MANUAL MINORS
A dislocation of the fifth metacarpal refers to the displacement of the base of the fifth metacarpal (the bone connecting to the pinky finger) from its articulation with the hamate bone in the wrist. This dislocation is rare and typically occurs due to direct trauma to the hand or falls onto a closed fist, causing pain, deformity, and difficulty moving the pinky finger.
Diagnosis
Diagnosis is made based on trauma history, with clinical signs of deformity, pain, and swelling on the back of the hand. X-rays are essential to confirm the dislocation and check for associated fractures.
Differential Diagnosis
Condition | Key Differences |
---|---|
Fifth metacarpal fracture | Deformity and pain localised to the shaft or head of the bone, with a visible fracture line on X-rays. |
Carpometacarpal joint dislocation | Affects the connection between the carpal and metacarpal bones, with visible displacement on imaging studies. |
Hand ligament sprain | Pain and swelling, but no bone displacement evident on X-rays. |
Tenosynovitis | Pain and stiffness without evidence of direct trauma or dislocation on imaging studies. |
Emergency Management
Immediate immobilisation of the affected hand to prevent further damage.
Administration of analgesics and anti-inflammatories for pain management.
Closed reduction of the dislocation under local anaesthesia or sedation to realign the fifth metacarpal.
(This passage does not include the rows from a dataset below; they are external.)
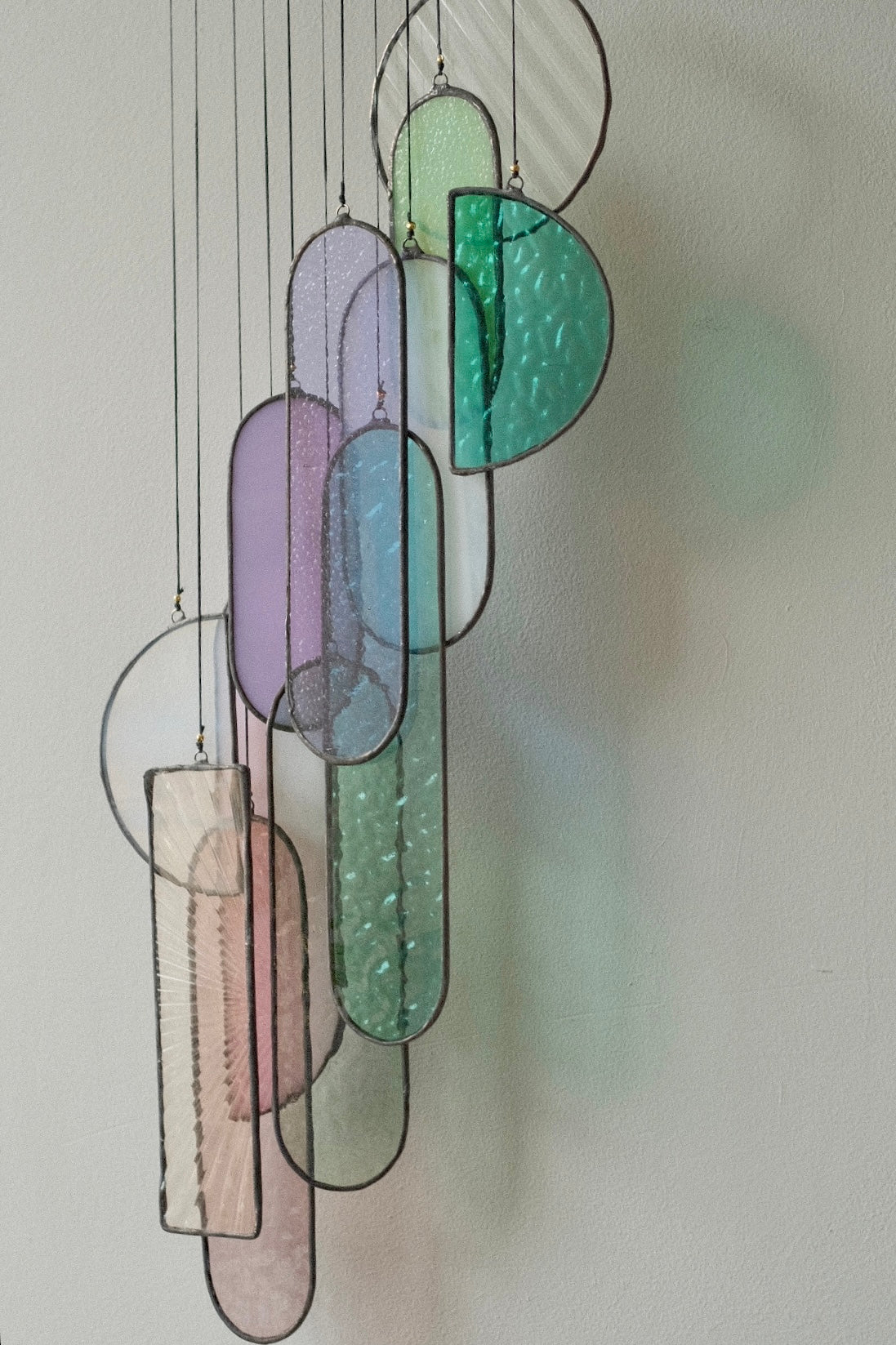 Pastel Stained Glass Sun Catcher
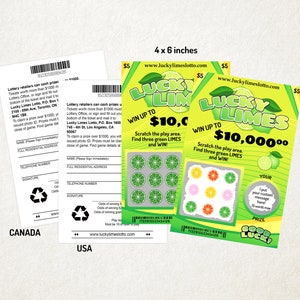 Paquet de 20 faux billets de loterie 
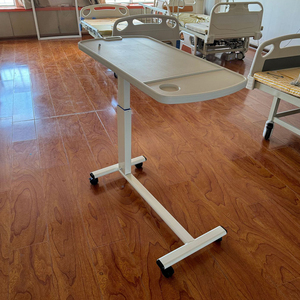 Table de repas médicale réglable en hauteur pour patient, sur lit, avec roulettes pivotantes, mobile, pour hôpital, garantie 1 an - Product Image 5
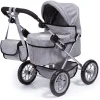 Bayer Design Puppenwagen Trendy Grau, Mit Krone 5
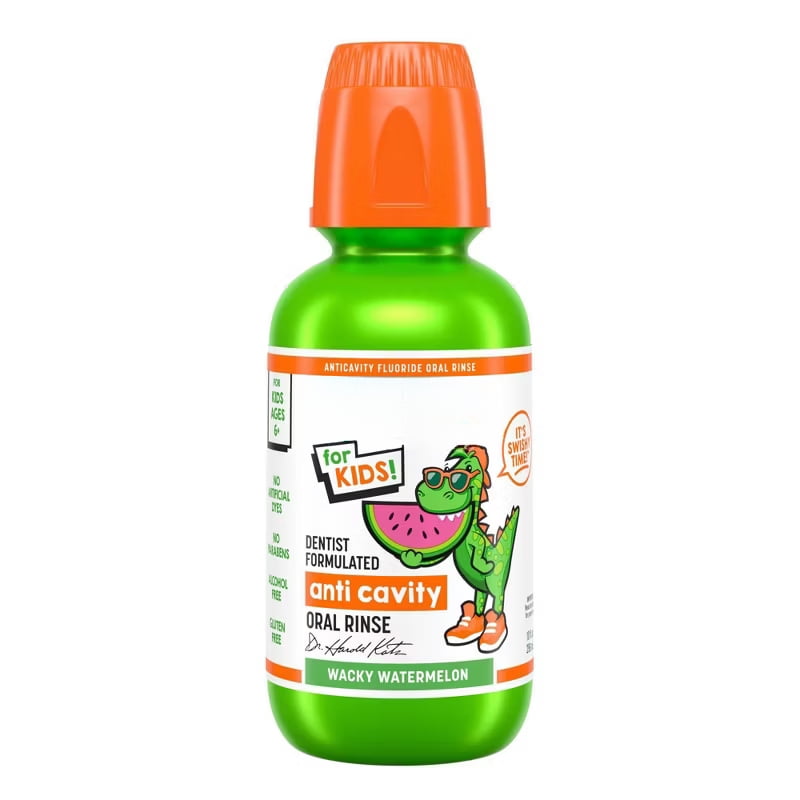 Kids Mouthwash with Fluoride - Wacky Watermelon - 10 fl oz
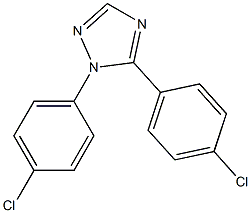 1,5-Bis(4-chlorophenyl)-1H-1,2,4-triazole Struktur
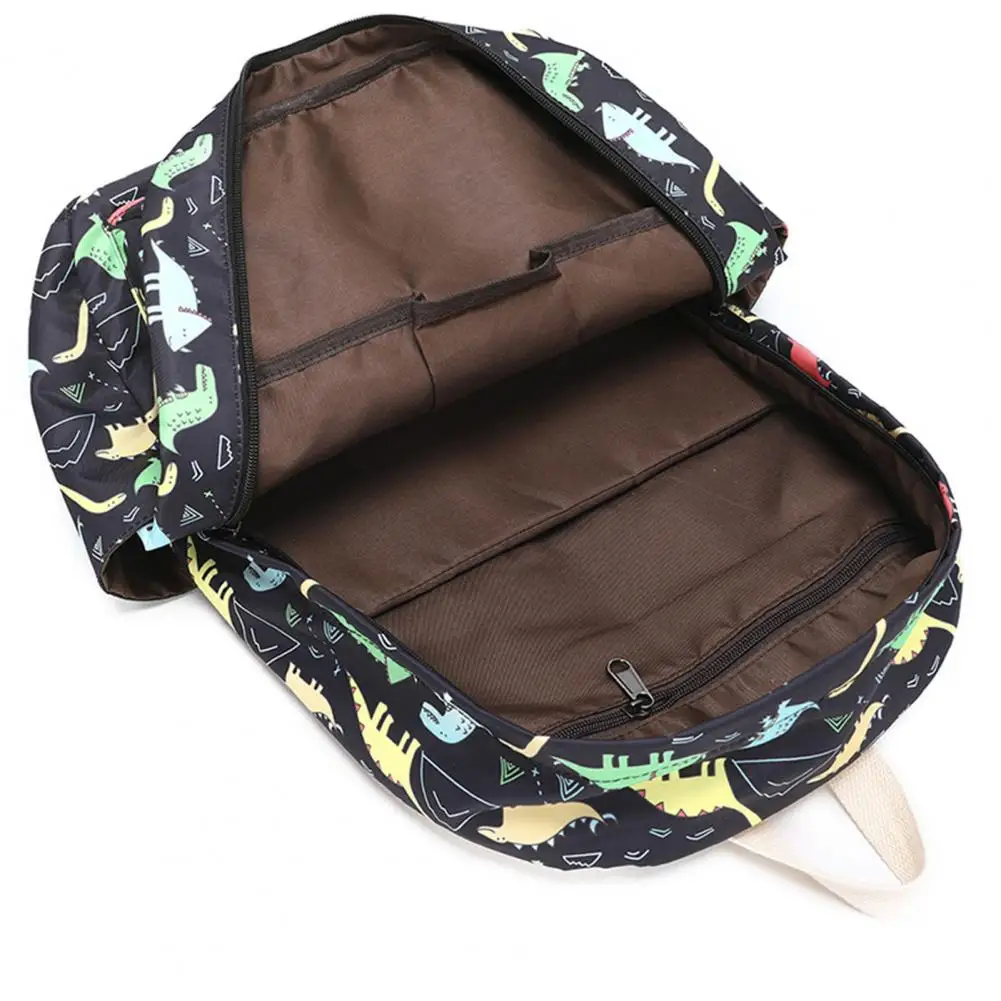 

3Pcs/Set Useful School Bag Shockproof Kids Lunch Bag Multipurpose Backpack Lunch Pen Bag for Travel Unisex Backpack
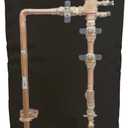 Backflow Insulated Cover, Outdoor Pipe Covers Winter Freeze Protection, Insulation Cover Pouch for Water Sprinkler Valve, Well Pump, PVB, Irrigation Valve Backflow Preventer (16"W x 20"H, Black)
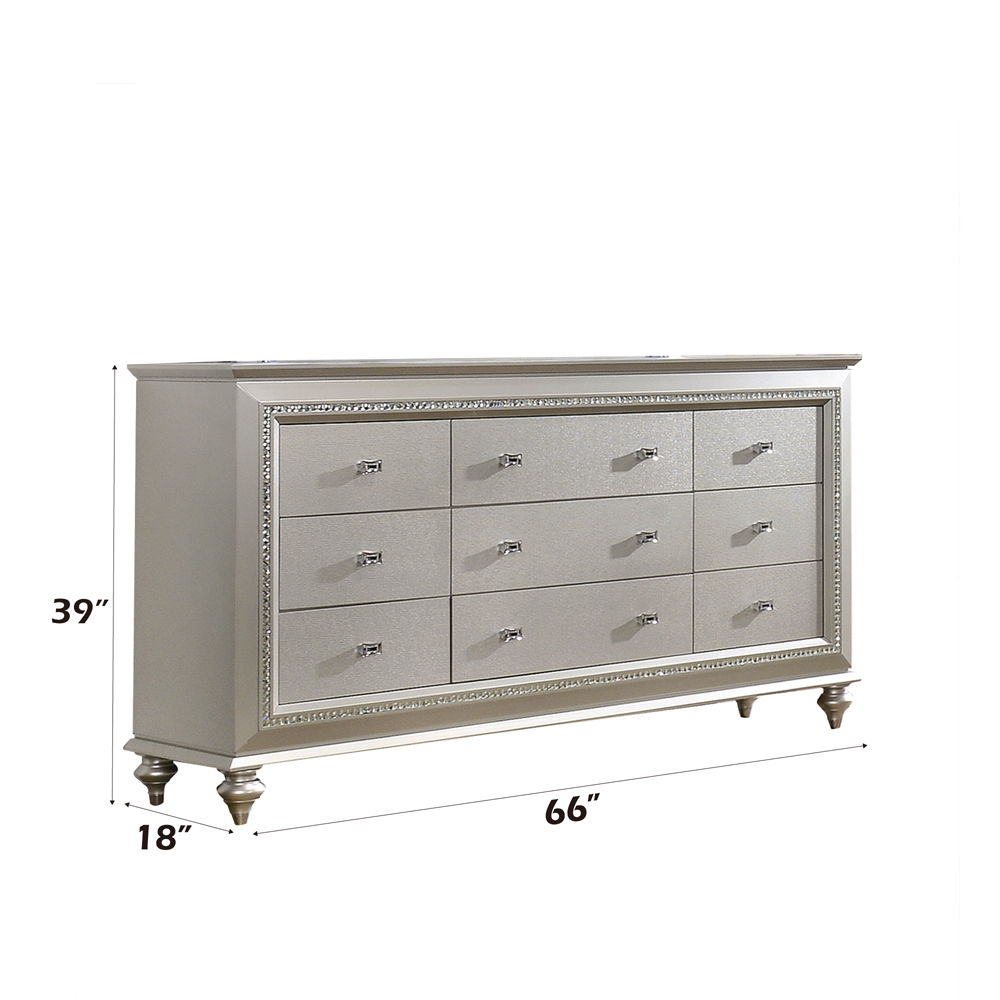 Kaitlyn - Dresser - Champagne, beige, view 7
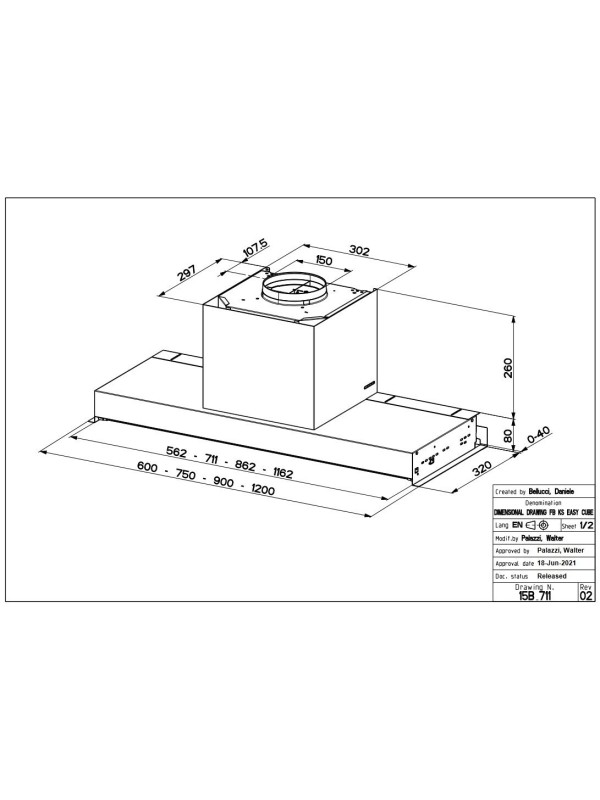 Faber In-Nova Zero Drip A60/2 Μηχανισμός Απορρόφησης 60cm Γκρι Faber In-Nova Zero Drip A60/2 Μηχανισμός Απορρόφησης 60cm Γκρι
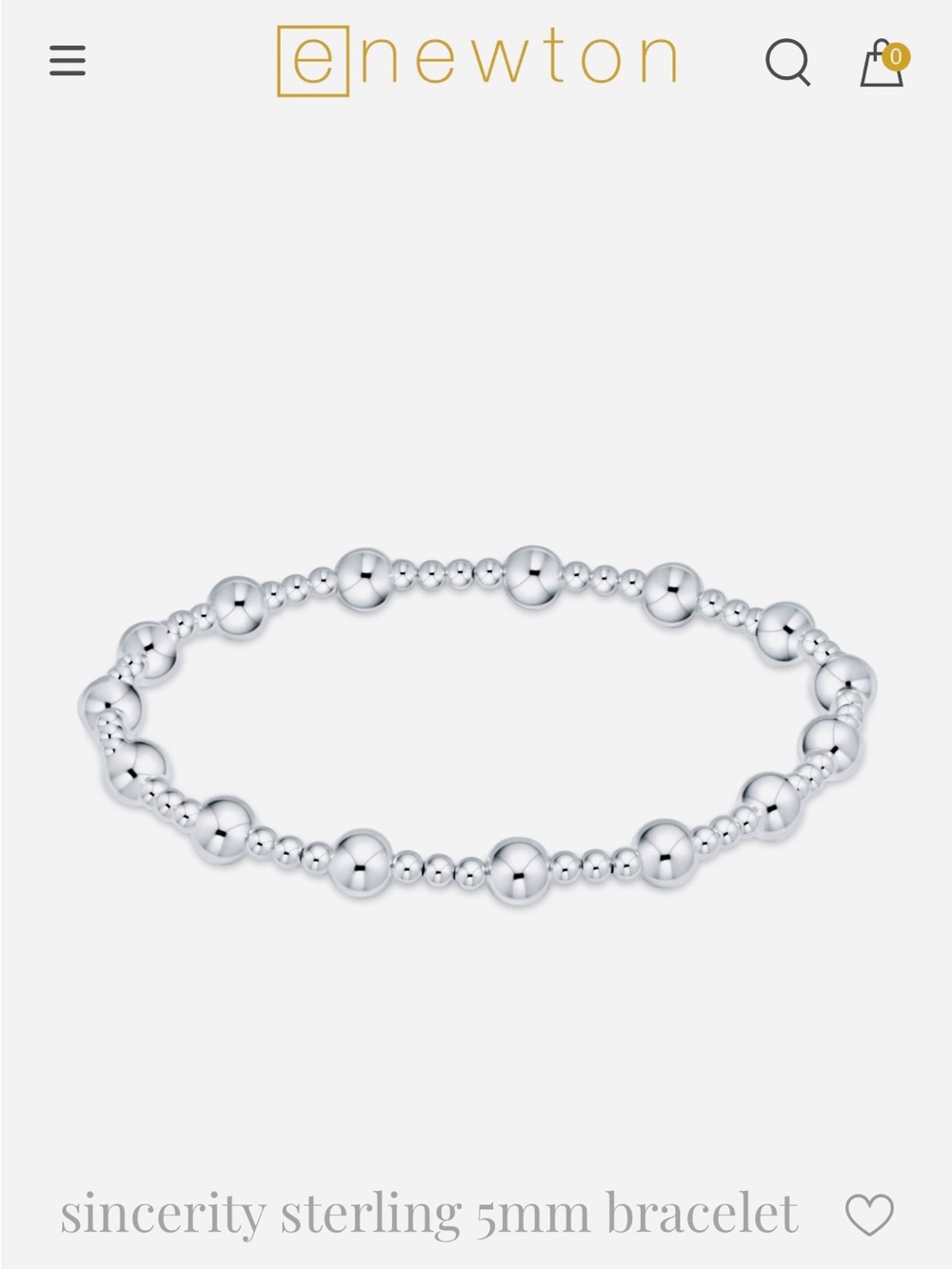 enewton Sincerity Sterling 5mm Beaded Bracelet in Silver
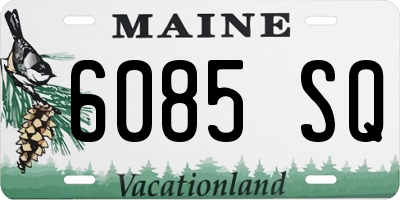 ME license plate 6085SQ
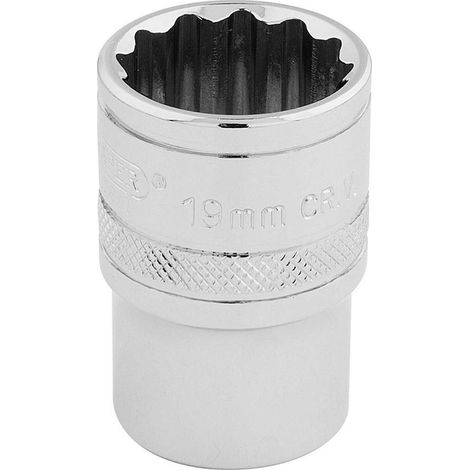 Draper h-mm/B hi-torq 12 punte, blu, 1/5,1 cm, attacco quadro, 19 mm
Post-reduction X-ray to confirm successful realignment.
Application of a plaster cast or immobiliser to protect the reduced joint.
Definitive Treatment
After reduction, the patient should wear a splint or cast for 3-6 weeks, depending on the stability of the reduction. If instability or ligament damage is present, surgical fixation may be required to ensure proper alignment of the metacarpal. Post-reduction rehabilitation with physical therapy is crucial for regaining mobility and hand function.